YOUR ASSIGNMENT: Your answer must restate the listing below word for word and contain no images.

SOURCE DATA:
===

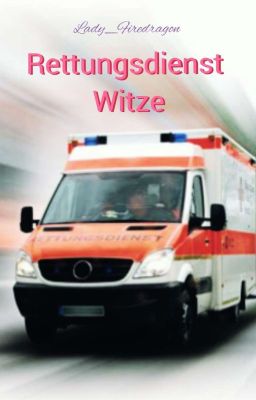 Rettungsdienst Witze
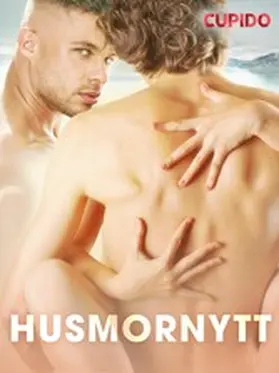 Cupido |  Husmornytt | eBook | Sack Fachmedien
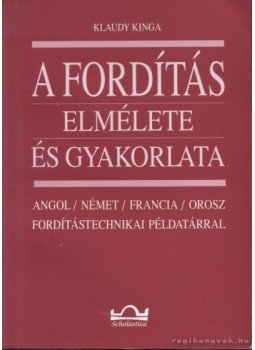 Klaudy Kinga - A fordítás elmélete és gyakorlata Klaudy Kinga - A fordítás elmélete és gyakorlata, 1994 antikvár könyv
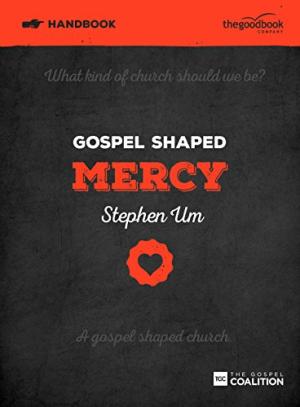 Gospel Shaped Mercy Handbook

===

ANSWER TO THE PROBLEM:
 Rettungsdienst Witze
 Cupido |  Husmornytt | eBook | Sack Fachmedien
 Klaudy Kinga - A fordítás elmélete és gyakorlata Klaudy Kinga - A fordítás elmélete és gyakorlata, 1994 antikvár könyv
 Gospel Shaped Mercy Handbook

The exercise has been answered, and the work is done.